Un nudo en el tiempo



El mismo día que Juan Martínez logró ver terminada su máquina del tiempo, una difícil disyuntiva se abrió ante él. Porque, ¿para qué dar a conocer a la humanidad el mayor avance tecnológico desde que fueran descubiertos el fuego o la rueda? ¿Para que ésta lo utilizara como una nueva arma capaz no ya de arrasar naciones enteras sino también de acabar con la propia civilización? ¿Para que se intentara matar a Cristóbal Colón antes de su viaje a América, se proporcionaran armas de fuego a los cartagineses de Aníbal o se comunicara a los nazis el secreto de la bomba atómica?

No, el secreto del viaje temporal debía ser mantenido oculto al menos hasta que la humanidad hubiera madurado lo suficiente como para saber hacer un buen uso de él en vez de convertirlo en el arma más mortífera de toda su historia.
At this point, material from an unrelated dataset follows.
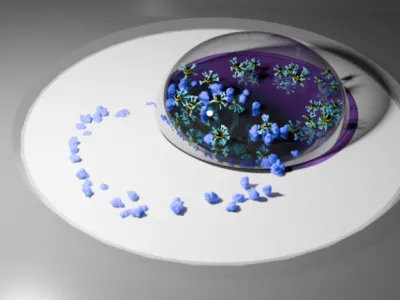 An illustration shows a ring of small purple particles, representing disease proteins, sitting on a surface. The ring is partially covered by a droplet of liquid containing enlarged cartoons of plasmonic particles.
Ahora bien, ¿por qué no aprovecharse de ella a título estrictamente personal teniendo buen cuidado en no causar el menor trastorno en el devenir del tiempo? Al fin y al cabo él era su creador y además, si bien nunca había llegado a ser rico, la construcción de la máquina había acabado con prácticamente todos sus ahorros. Justo era, pues, que se resarciera de alguna manera eso sí, sin causar el menor daño ni a nada ni a nadie.
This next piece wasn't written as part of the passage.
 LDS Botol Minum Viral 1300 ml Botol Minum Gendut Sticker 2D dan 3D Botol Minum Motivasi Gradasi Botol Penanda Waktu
Un viajecito de unos cuantos días al futuro, un periódico con los resultados del sorteo de la lotería primitiva (que, por cierto, esa semana tenía bote), la vuelta al presente y... millonario de por vida como justa compensación a sus esfuerzos de tantos y tantos años de sacrificio y desvelos.

Ésa fue su primera idea, pero luego lo pensó mejor. ¿Cómo resistir el morbo de encontrarse consigo mismo? ¿No sería más excitante aguardar unos días hasta que pasara el sorteo para luego retroceder al pasado y decirse la combinación ganadora? Sí, lo haría precisamente así.

Un zumbido seguido de un deslumbrador fogonazo le sacó bruscamente de su ensimismamiento. Frente a él, en el bruñido interior de la máquina temporal, se encontraba su otro yo procedente del futuro.

-Vaya -se dijo satisfecho el Juan, llamémosle, primero-. Al fin me decidí. Veamos qué me cuento.

-Ten cuidado -fue el escueto saludo del recién llegado Juan segundo-. Es muy peligroso intentar abrir un bucle en el tiempo; si éste se anuda...

No le dio tiempo a decir nada más. Apenas había puesto el pie en la habitación cuando otro Juan, esta vez el tercero, aparecía en la máquina tras el preceptivo fogonazo y comenzaba a desgranar la misma advertencia:

-Ten cuidado. Es muy peligroso intentar abrir...

Y luego vinieron un cuarto, un quinto, un sexto... Con una frecuencia exacta de cuatro segundos y ochenta y siete centésimas, justo el tiempo necesario para aparecer en el interior de la máquina, salir al exterior de la misma e iniciar idéntica frase.

Hoy son ya varios millones los Juan Martínez que pululan por el planeta sin que nadie haya conseguido descubrir la manera de deshacerse de ellos o, en su defecto, impedir que sigan aumentando en número. Y es que ninguno de ellos, ni mucho menos nadie entre los sabios de todo el mundo apresuradamente llamados para intentar dar atajo a este problema, se atreve a desconectar la atascada máquina por miedo a que la inercia temporal acumulada actúe como un resorte destruyendo irreversiblemente el flujo de las cronocorrientes al no poderse hacer desaparecer a todos los Juanes excepto al original.

Por cierto, ¿alguno de ustedes sabría decirnos cuál de todos ellos es?